Rick Griskie has a simple way of describing the new “natural language” search functionality on ADESA.com that the company says makes finding vehicles faster, easier and more robust. He describes it as a “Google-like search.”

Griskie, who is ADESA’s chief information officer, explains that today, most people find vehicles through features. The searcher first enters the manufacturer such as Ford. Then the system asks the searcher to choose from a list of models, such as an F-150. Then, the user must drill down through additional filters, which Griskie describes as “quite cumbersome.”

“Natural language search, quite frankly, is what Google introduced us to when they came on the scene a number of years ago, where instead of using filters and drop downs, you just started typing in the … search box what you’re looking for,” Griskie said in a phone interview Wednesday.

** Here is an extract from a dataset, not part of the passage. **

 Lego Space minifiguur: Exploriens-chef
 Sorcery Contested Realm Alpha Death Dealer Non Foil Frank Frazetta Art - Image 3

ADESA said in a news release that its new search capability uses what it describes as “the leading cloud-based search technology,” which can return up to 400,000 vehicles in less than two seconds. ADESA said that is six times faster than before.

The natural-language capability is a first for the remarketing industry, ADESA said. The enhancement, paired with ADESA.com’s advanced filter options and canonical database, substantially reduces the time a user spends searching for the right vehicles, the company said, adding that it improves productivity and profitability for dealers of all sizes and sales volumes.

Griskie also explained the canonical data in a simplified way, describing it as a “decoder ring,” and mentioning the usual search through make, model, and trim.

“However the data we receive from the numerous disparate sources of that data [doesn’t] follow the make, model, trim very cleanly,” he said. “So we’ve created a canonical database that is effectively the decoder ring. So for example, in the trim field for many of the data sets that we receive, trim is blank. But we’ve created a proprietary way to ascertain what trim that vehicle really is, and that goes back to our canonical database. And then more people that use our natural language search, the smarter that canonical database becomes based on what people are searching for,” he said.

Griskie added in a news release that “The most crucial activity for dealers sourcing inventory is vehicle search.”

“Our search now rivals anything you’d find in the online shopping space. It works even when customers misspell an entry. Plus, it learns from itself, quickly adapting to help buyers more effectively with repeated use and giving customers more of what they want and less of what they don’t want,” he said.